### Assignment:
Copy nothing but the lines from the opening of the entries through the line that contains "A focused image", exactly as written. Drop the pictures.

### Records shown:

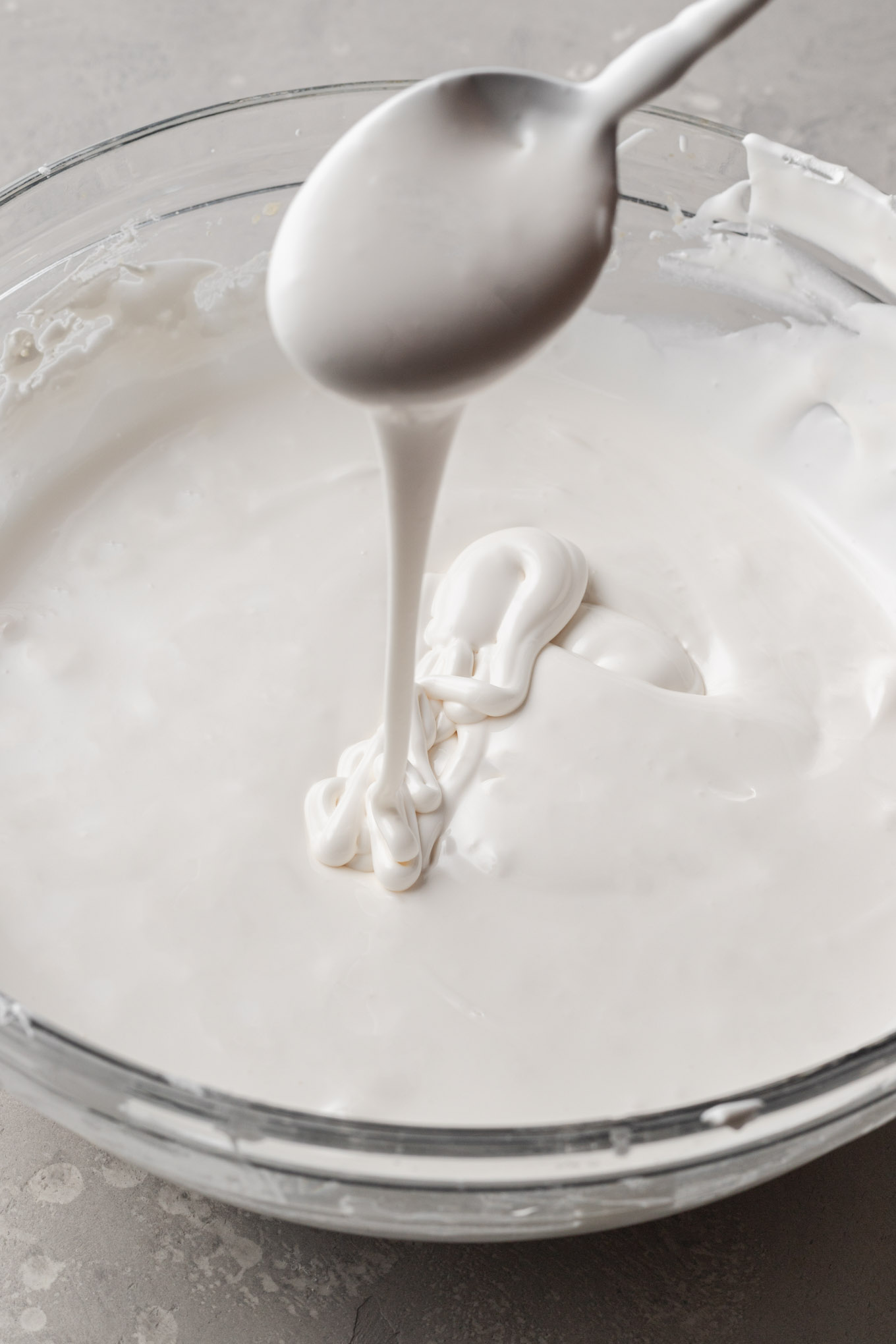 Royal icing that's been thinned to medium consistency. A spoon is lifting some of the icing out of the bowl to show the consistency.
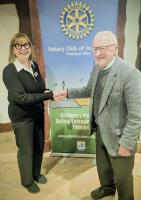 Maurice is congratulated by President Liz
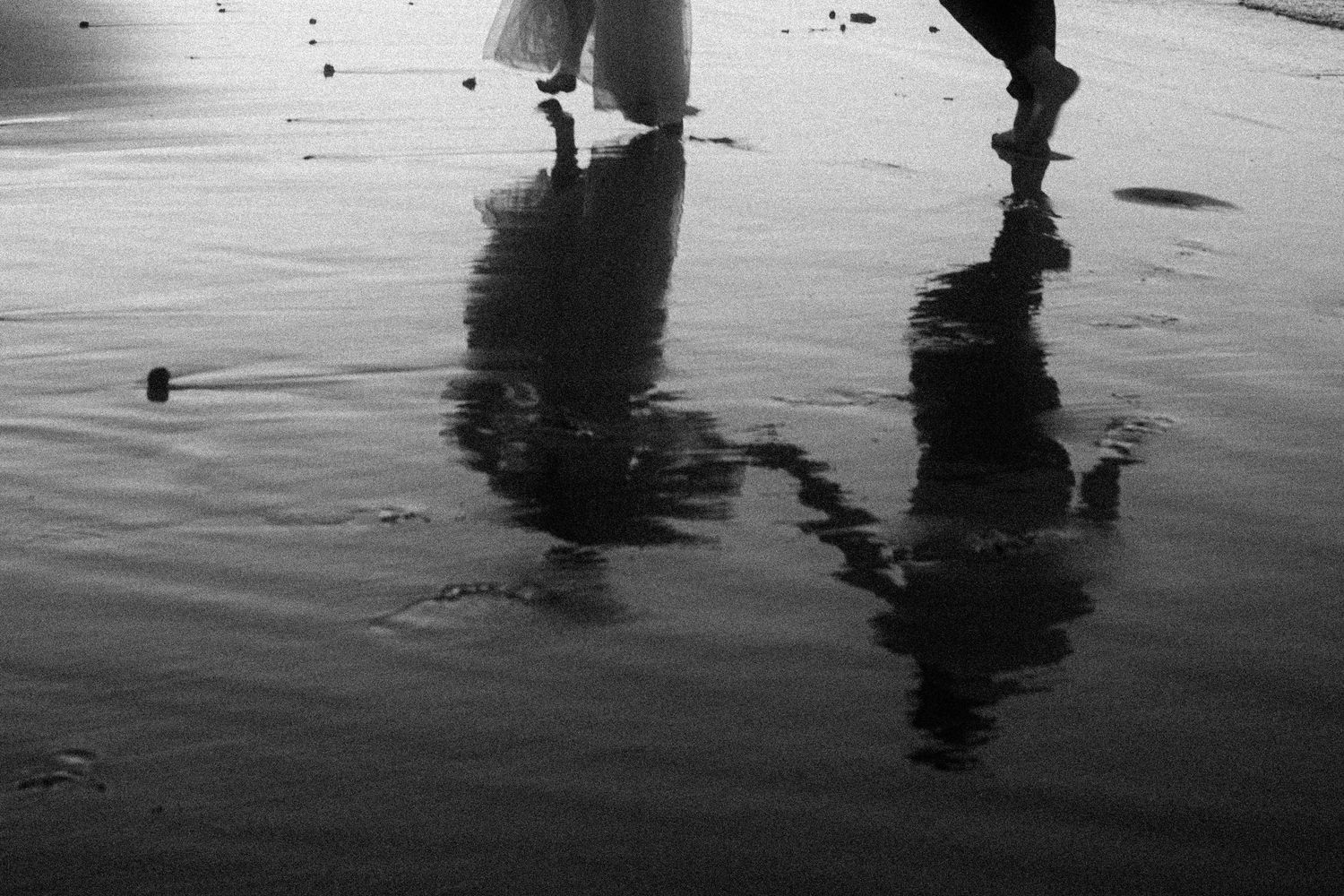 Silhouettes of people walking on a reflective beach surface at sunset with rippling water in black and white.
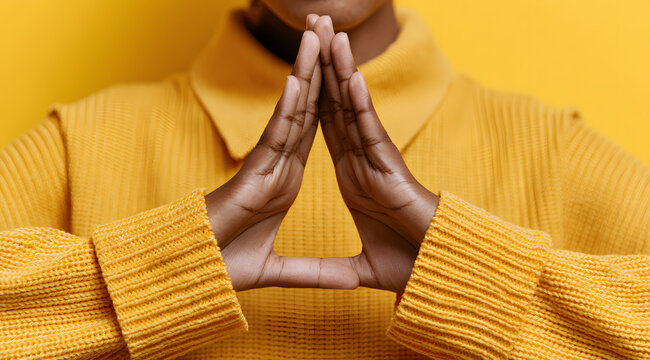 A focused image of a person performing a timeout gesture with their hands.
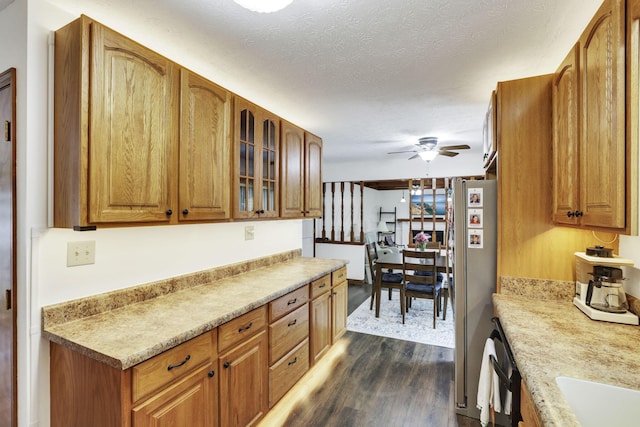 kitchen featuring brown cabinets, ceiling fan, dark wood finished floors, freestanding refrigerator, and glass insert cabinets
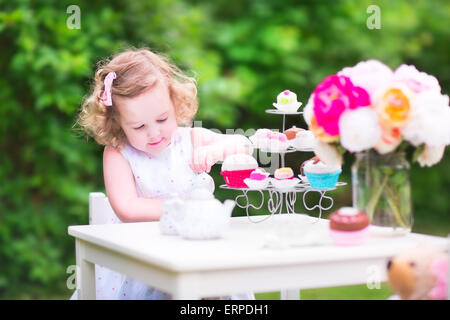 Adorabili bimbi divertenti ragazza con i capelli ricci che indossa un abito colorato per il suo compleanno giocando tea party con un orsacchiotto di peluche bambola Foto Stock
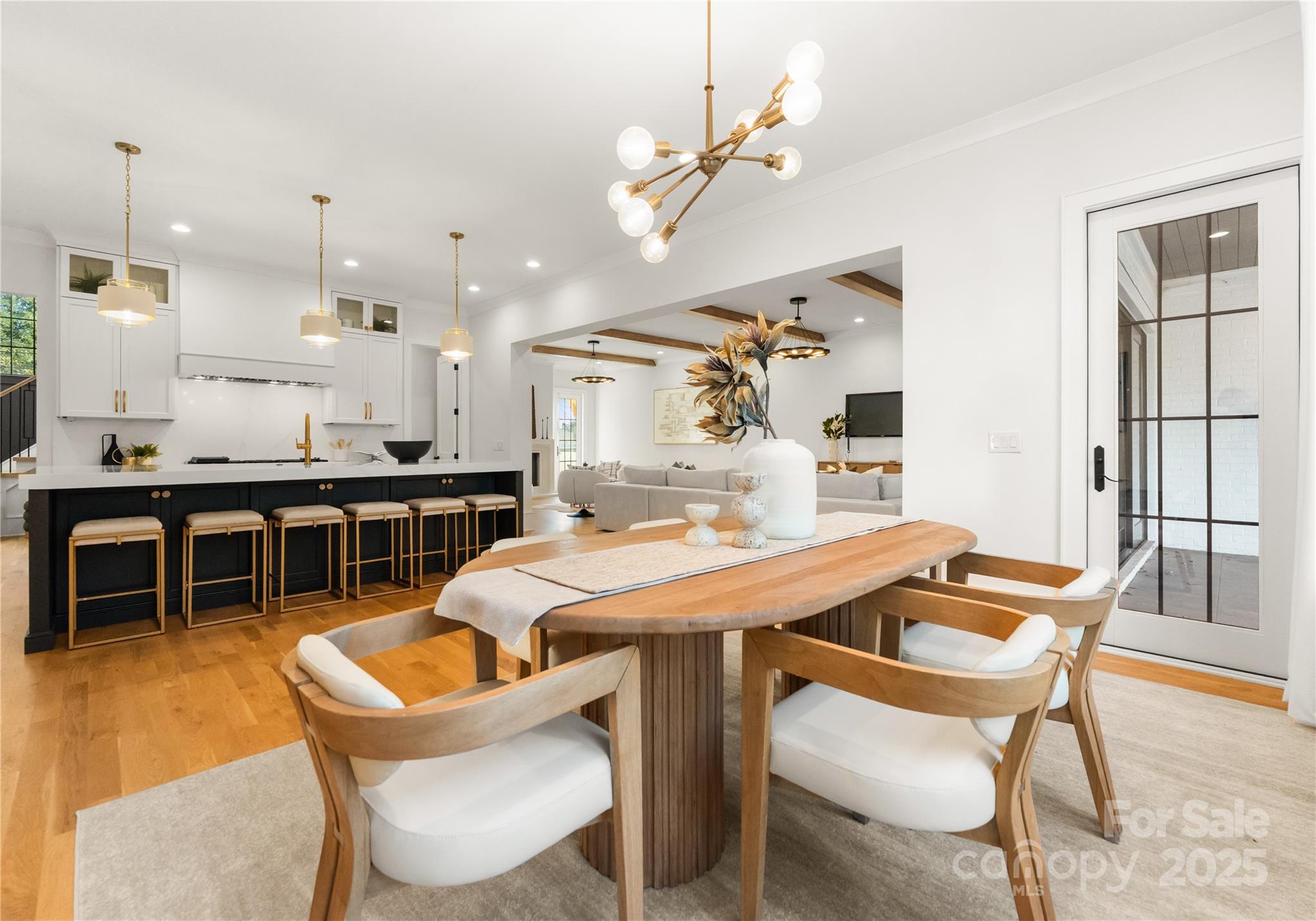 4142 Pineview Road Charlotte, NC 28211 - Photo 8 of 38 a room with a table chairs and a kitchen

### Problem solution:
 Royal icing that's been thinned to medium consistency. A spoon is lifting some of the icing out of the bowl to show the consistency.
 Maurice is congratulated by President Liz
 Silhouettes of people walking on a reflective beach surface at sunset with rippling water in black and white.
 A focused image of a person performing a timeout gesture with their hands.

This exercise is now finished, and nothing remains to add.